There is a two-part programme (dramatisation) about the worlds largest supervolcano at Yellowstone National Park blowing...


----------



## Tsujigiri (Mar 8, 2005)

I saw a documentary on the Yellowstone supervolcano over the Christmas period, it was quite interesting.
Basically if/when it blows there won't be much of the US left functioning and everyone else will be knackered as well from the ash and particulate matter causing global weather changes.


----------



## Neon (Mar 8, 2005)

Although not a devastating eruption, I believe a volcano off Hawaii has recently been active and spewing its contents into the ocean.


----------



## The Master™ (Mar 9, 2005)

Ah, but Neon, there is a great deal of difference between a volcano and a supervolcano!!! When this baby blows, then it is SAYONARA, BABY!!! 
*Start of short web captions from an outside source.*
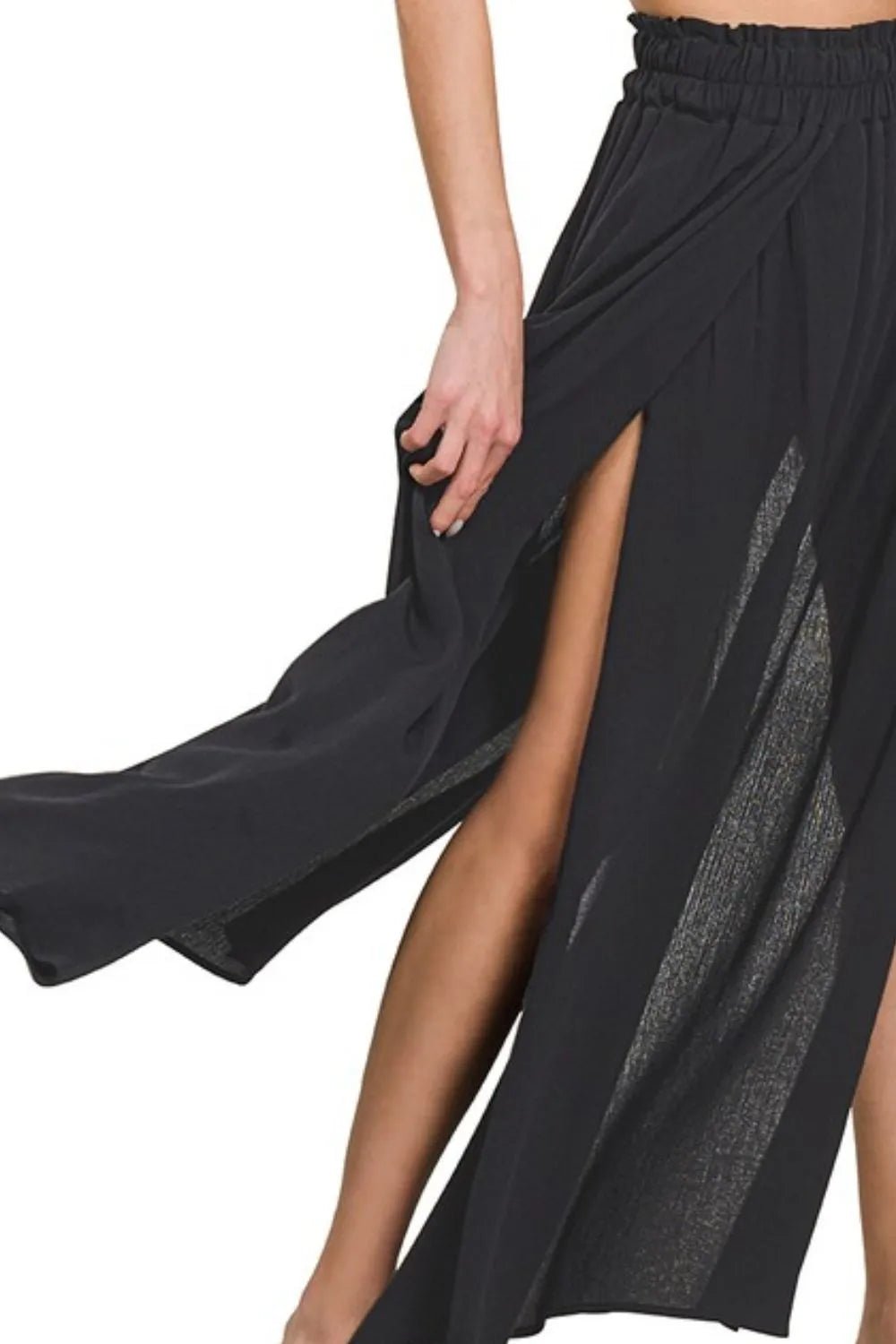 Zenana Woven Crinkle Gauze Long Skirt with Side Slits | Trini Skies Resortwear - Triniskies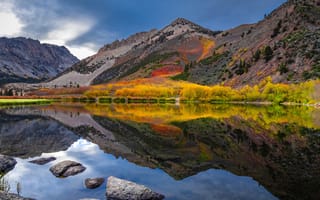 Картинка озера, озеро, природа, вода, пейзаж, гора, отражение, осень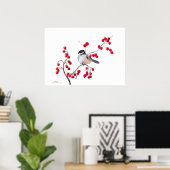 CHICKADEE & RED BERRIES by SHARON SHARPE Poster (Thuiskantoor)
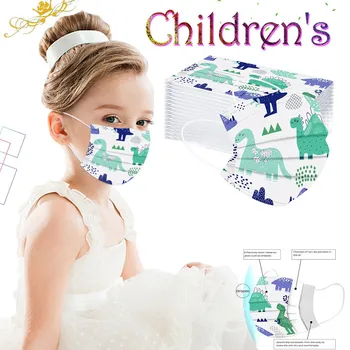 

50pc Disposable Masks Cartoon Dinosaur Print Face Mask Industrial Three-layer Ear Loop Mask Breathable Dust-proof Masque Lot
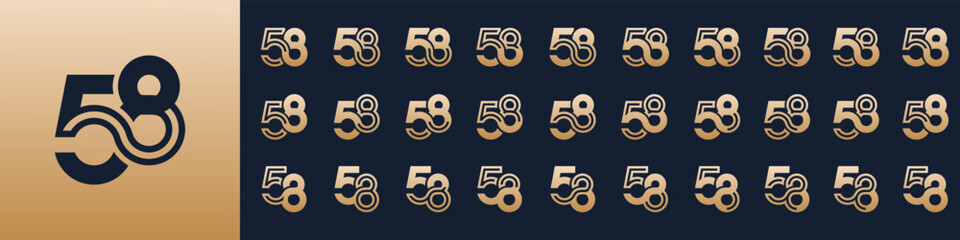 collection of creative number 58 logo designs. abstract fifty-eight design vector illustration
Looking forward to this...


----------



## Neon (Mar 9, 2005)

Looking forward to the program, or the supervolcano blowing?


----------



## The Master™ (Mar 10, 2005)

BOTH, baby!!!


----------



## Tsujigiri (Mar 12, 2005)

*Supervolcano - BBC1 9pm this Sunday

*nudge**


----------



## Winters_Sorrow (Mar 12, 2005)

I take it that it's just me that's put off by "sensationlist science" then! 

Programmes like this are basically 1mg of science mixed with 3 tons of hype and a sprinkling of Daily Star writers


----------



## Tsujigiri (Mar 12, 2005)

It's entertaining science...almost science fiction


----------



## The Master™ (Mar 14, 2005)

Did you watch part one??? My god, a lot of recurring actors from American/Canadian Sci-Fi series and some Stargate regulars!!! 

It was extremely entertaining... And very scary... Not just the possible eruptions but the Government reaction to the "possibility"... Do you tell the populace, and start riots... Or hold off and deal with the blame sent around at the devistation???

Can't wait for the second part tonight...


----------



## Tsujigiri (Mar 14, 2005)

Yeah we watched it. It was entertaining although I was reading at the same time....


----------